* Supplied data
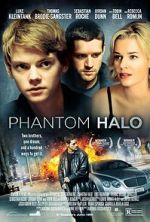 Watch Phantom Halo Movie2k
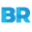 boyacaradio.com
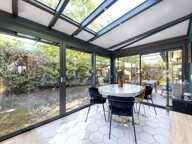 Maison T4 - Garage - Pisicne — photo 2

* Task item
Copy every line above exactly; images stay out.

* Answer for this exercise
 Watch Phantom Halo Movie2k
 boyacaradio.com
 Maison T4 - Garage - Pisicne — photo 2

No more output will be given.